Rising domestic consumption, particularly for biofuel production, is limiting exportable surpluses. The US Department of Agriculture (USDA) forecasts 2025/26 soybean production at 4.3 billion bushels, down 43 million from prior estimates due to a 3% decline in planted and harvested acres, though yields are projected at 53.6 bushels per acre.
Exports are expected to fall to 1.7 billion bushels, reflecting tighter supplies and increased crushing for soybean oil used in biodiesel. In 2024, half of the US’s 13 million metric tons of soybean oil went to biodiesel, prompting crushers to seek more beans domestically and reducing exports by one billion pounds in 2025/26.
Global oilseed stocks are also tightening, with ending stocks lowered due to reduced soybean inventories. These dynamics keep season-average prices stable at $10.10 per bushel but cap export growth, with new crop sales down 81% from the five-year average.
Unpredictable trade policies are compounding logistical hurdles, disrupting the flow of soybeans to international markets. With harvest 45-60 days away in August 2025, the absence of Chinese orders creates surplus risks, forcing farmers to incur steep storage expenses amid falling prices.
Supply chains optimized for China – such as barge transport from the Midwest to Gulf ports (two weeks) or rail to the Pacific Northwest (five days plus two weeks by vessel) – are underutilized, leading to inefficiencies.
Tariffs have reshaped global routes, with a 2025 USDA report estimating a 25% drop in US soybean exports to China since 2023, costing $2 billion and idling infrastructure like West Coast ports.

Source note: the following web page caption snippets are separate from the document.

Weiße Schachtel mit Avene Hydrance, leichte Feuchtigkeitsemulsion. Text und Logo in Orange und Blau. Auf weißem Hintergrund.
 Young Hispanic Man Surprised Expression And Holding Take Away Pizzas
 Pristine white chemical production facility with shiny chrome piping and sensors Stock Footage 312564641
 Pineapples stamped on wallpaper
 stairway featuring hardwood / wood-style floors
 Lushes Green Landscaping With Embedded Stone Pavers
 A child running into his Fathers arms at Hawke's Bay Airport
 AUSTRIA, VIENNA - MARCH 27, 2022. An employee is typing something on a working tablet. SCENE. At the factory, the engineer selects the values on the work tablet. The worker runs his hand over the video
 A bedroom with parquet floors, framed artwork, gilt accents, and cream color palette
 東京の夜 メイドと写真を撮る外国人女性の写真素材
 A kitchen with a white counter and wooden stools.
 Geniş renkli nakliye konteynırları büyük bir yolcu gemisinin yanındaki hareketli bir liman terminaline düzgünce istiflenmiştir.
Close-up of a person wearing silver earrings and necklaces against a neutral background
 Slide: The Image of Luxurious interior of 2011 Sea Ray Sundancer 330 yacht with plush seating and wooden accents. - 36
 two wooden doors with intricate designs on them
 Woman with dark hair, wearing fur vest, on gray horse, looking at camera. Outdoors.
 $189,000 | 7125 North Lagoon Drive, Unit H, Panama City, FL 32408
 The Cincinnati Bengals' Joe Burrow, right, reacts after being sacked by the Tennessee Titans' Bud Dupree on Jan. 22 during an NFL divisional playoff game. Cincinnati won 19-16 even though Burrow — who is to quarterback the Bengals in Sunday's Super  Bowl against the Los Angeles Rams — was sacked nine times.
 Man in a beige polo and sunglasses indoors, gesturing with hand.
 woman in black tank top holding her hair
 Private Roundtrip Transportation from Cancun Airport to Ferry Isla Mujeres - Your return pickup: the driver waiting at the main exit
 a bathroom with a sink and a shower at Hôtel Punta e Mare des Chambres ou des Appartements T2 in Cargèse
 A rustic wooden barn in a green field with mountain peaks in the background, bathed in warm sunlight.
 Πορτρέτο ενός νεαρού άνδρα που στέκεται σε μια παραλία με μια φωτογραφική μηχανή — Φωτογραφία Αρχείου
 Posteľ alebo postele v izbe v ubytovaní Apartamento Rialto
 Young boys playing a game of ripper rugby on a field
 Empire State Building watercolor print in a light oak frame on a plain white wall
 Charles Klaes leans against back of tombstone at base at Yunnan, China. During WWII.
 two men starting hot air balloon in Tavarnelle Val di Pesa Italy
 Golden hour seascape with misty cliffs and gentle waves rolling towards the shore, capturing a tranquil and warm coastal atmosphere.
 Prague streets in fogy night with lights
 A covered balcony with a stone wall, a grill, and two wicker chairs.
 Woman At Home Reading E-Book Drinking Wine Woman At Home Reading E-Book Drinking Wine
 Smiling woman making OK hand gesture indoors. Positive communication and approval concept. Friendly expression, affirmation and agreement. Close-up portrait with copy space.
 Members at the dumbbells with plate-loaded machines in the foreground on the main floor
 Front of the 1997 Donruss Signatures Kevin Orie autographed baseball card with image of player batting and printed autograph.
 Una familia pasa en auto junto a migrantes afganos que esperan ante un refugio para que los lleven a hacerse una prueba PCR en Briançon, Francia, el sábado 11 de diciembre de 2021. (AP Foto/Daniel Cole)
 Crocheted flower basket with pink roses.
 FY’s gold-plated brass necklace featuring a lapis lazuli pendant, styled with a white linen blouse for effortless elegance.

Broader tariff threats on Mexico and China could impact over $30 billion in annual agricultural trade flows, further straining last-mile logistics and eroding supply chain reliability.
Climate change is exacerbating production challenges, indirectly affecting export volumes through reduced yields and quality. In 2025, Midwest farmers have faced excess rainfall, fueling diseases like northern corn leaf blight and pest pressures in soybean fields, with Ohio experiencing planting delays and ponding that stunt crop maturity.
Last year’s droughts in the eastern corn belt slashed yields by 25-30%, costing $11 billion nationally. Projections indicate a 3% decrease in US soybean yields by 2036, with central states potentially seeing up to 7.1% declines, leading to a $319 million drop in exports—including $171 million to China.
Broader trends show adverse impacts from warming temperatures, heavy rains, and extreme events like tornadoes and hail storms, with soybean yields projected to fall by up to 24% in coming decades. These weather stresses not only lower output but also increase vulnerability to pests and diseases, compounding export challenges when combined with trade barriers.
The multifaceted problems plaguing US soybean exports in 2025 – trade tariffs, South American competition, domestic shifts, logistical woes, and climate impacts – are interconnected, creating a vicious cycle of reduced demand, surplus stocks, and financial strain for farmers.
Without policy interventions like tariff reductions or diversified markets, the sector risks a widening agricultural trade deficit and economic contraction in soybean-dependent states. Initiatives by groups like the American Soybean Association to reopen Chinese access and promote quality advantages offer hope, but urgent action is needed to secure the future of this vital export.
As global demand for soybeans grows with biofuel expansion and food needs, the US must navigate these hurdles to regain its competitive footing.